El arquitecto de la emoción:

Un tributo a  Allen Ginsberg

 Catedral de St. John the Divine

14 de Mayo de 1998, Nueva York

 

 por Livia Sian Llewellyn

 

Cuando era niña, solía pasar horas dibujando fantasías arquitectónicas: garabatos de ciudades planeadas hasta la última habitación, el último placard. Cada detalle se desarrollaba bajo mi mano paciente. Ya entonces, entendía y respetaba el poder que tiene la arquitectura de crear algo de la nada, de tomar cielo y tierra y formarse en derredor, celebrándolos y desafiándolos a la vez, una paradoja de la creación artificial que cambió el mundo natural que la rodea. Más adelante, cambié la arquitectura por las palabras, en poesía, canción, y finalmente, actuación; pero el destino era el mismo, el acto en sí era el mismo: la creación partiendo desde algo que no existía excepto en los sueños de la mente humana, y una esperanza de que perduraría más allá del transcurso de la vida del creador. La palabra, la arquitectura del alma, era para siempre.

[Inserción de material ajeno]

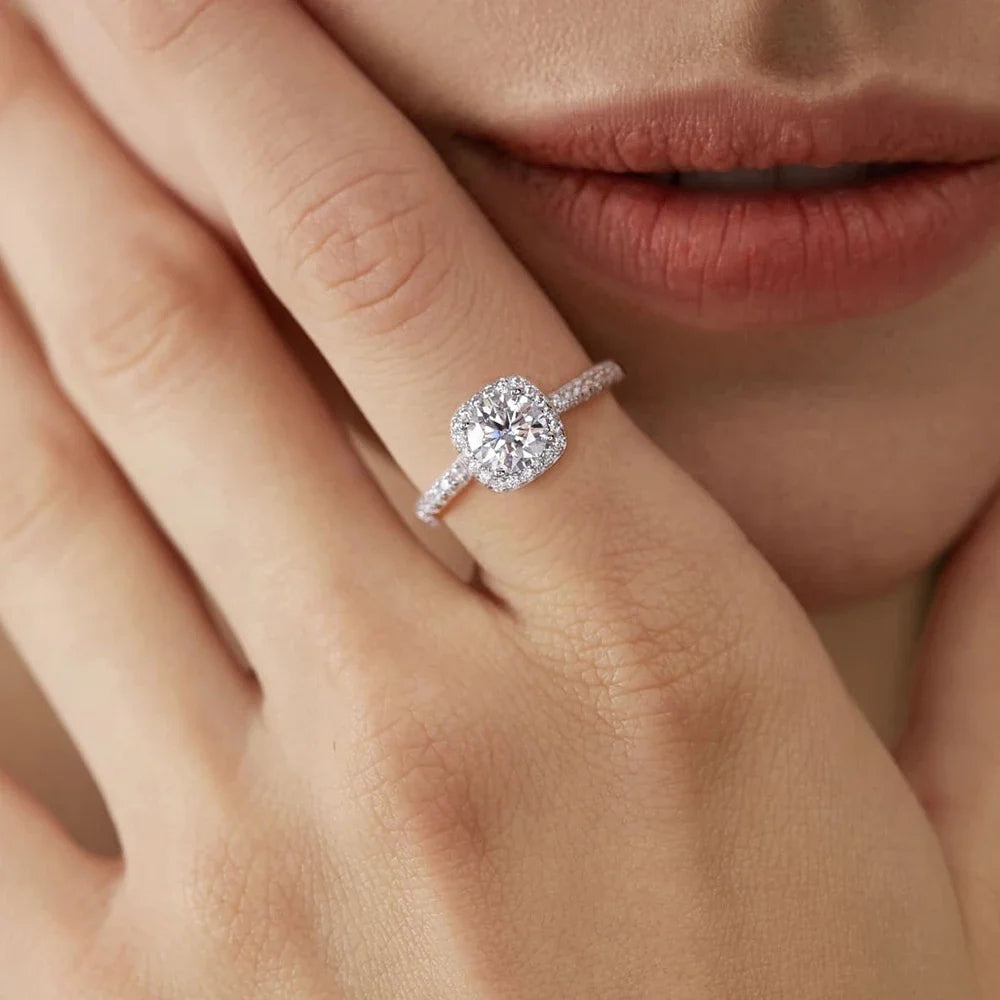 Square-shape Halo 0.5-3ct  Round Diamond  Engagement Promise Ring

El jueves 14 de mayo a las 5 de la tarde, bajé cuidadosamente los resbaladizos escalones de cemento que llevan hacia el subterráneo en la calle Prince. Un amigo y yo subimos, entre la multitud de la hora pico, al tren N que va a la calle 42, y procedimos a escuchar a cientos de desconocidos que hablaban de Elaine y Jerry Seinfeld, como si recién hubiesen terminado de hablar con ellos por celular. Giré mi cabeza para mirar los anuncios, y en lugar de los carteles de plástico de siempre de clínicas para mujeres, whisky, y los tratamientos faciales del Dr.Zizmor, había una franja continua que publicitaba un cereal, con las palabras “yadda, yadda, yadda” repetidas infinitamente. Desvié la mirada, pero la franja continuaba del otro lado del vagón. El tren se detuvo y volvió a arrancar, más y más gente se apiñaba en el reducido espacio, y comencé a pensar en lo fácil que sería simplemente bajarse en la próxima parada, e irse a casa. Me mordí los labios e intenté seguir respirando. Oí el cascabeleo de una caja de Jujyfruit. Al final, en  la calle 42, salí por la fuerza, y seguí las rampas y las escaleras sinuosas para tomar el tren expreso hacia el Upper West Side.

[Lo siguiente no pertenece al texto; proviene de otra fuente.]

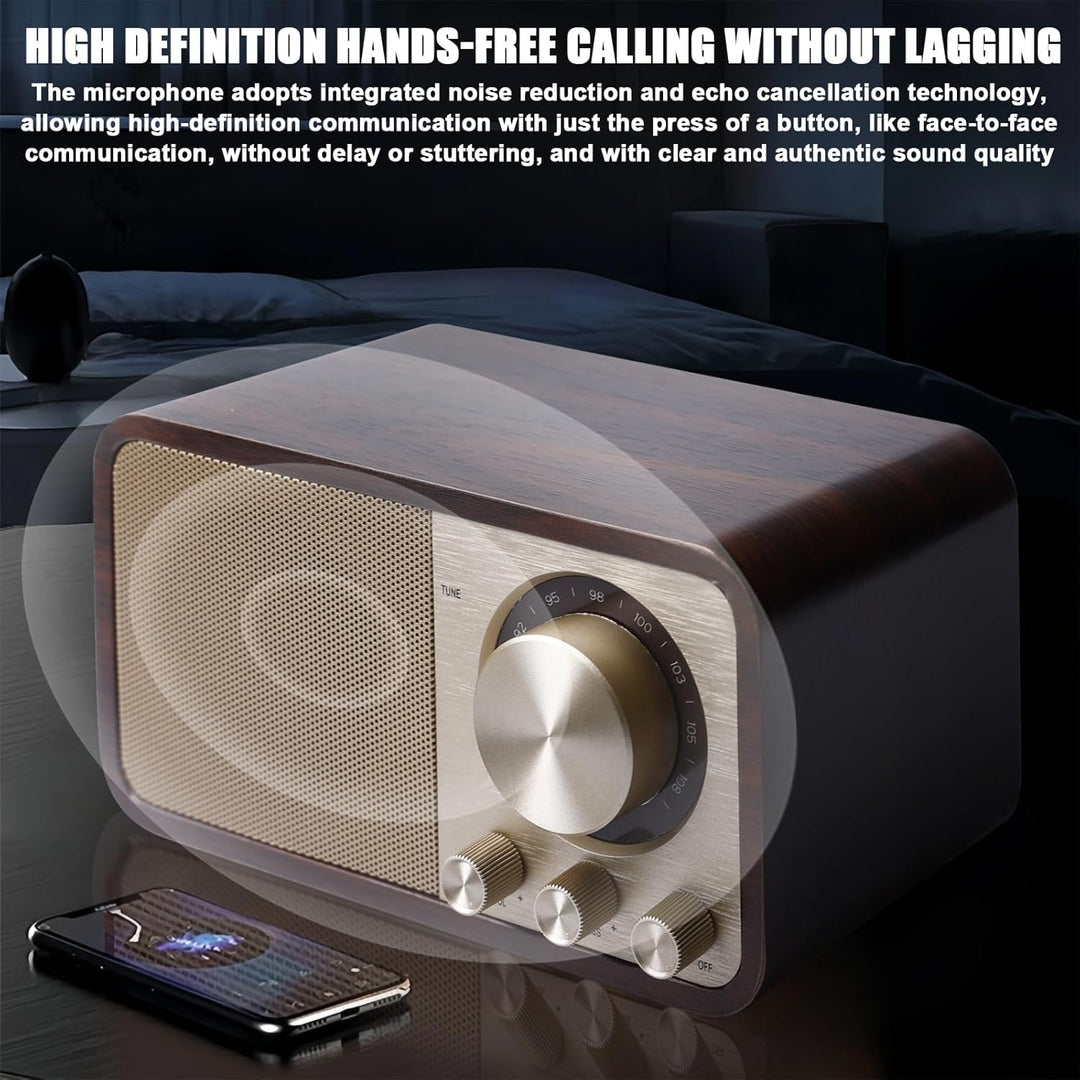 Retro Radio mit Bluetooth, Nostalgie Radio mit 1500mAh Akku wiederaufladbar, USB/TF-Karte/AUX, 5W La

Me senté al lado de un joven, de unos 20 años, de traje de poliéster color crema y sombrero de pescador. Tenía una copia de “Naked Lunch” sobre las piernas, y la cabeza inclinada en concentración. Me pregunté si iría al tributo, pero no quise molestarlo. Nunca he podido leer en el subterráneo, y no pude evitar impresionarme de que él tuviese esa habilidad, aunque noté que parecía nunca voltear las páginas. Cerca de la calle 80, sentí una leve presión sobre mi hombro, y me volví con lentitud para confirmar que, en efecto, se había quedado dormido sobre mi hombro. Lo dejé dormitar, y miré dentro del vagón, preguntándome quién iría a St.John, y quién se quedaría afuera del restaurante Tom’s con los equipos de cámaras y los platos satelitales. Todos nos mirábamos unos a otros, pensando lo mismo.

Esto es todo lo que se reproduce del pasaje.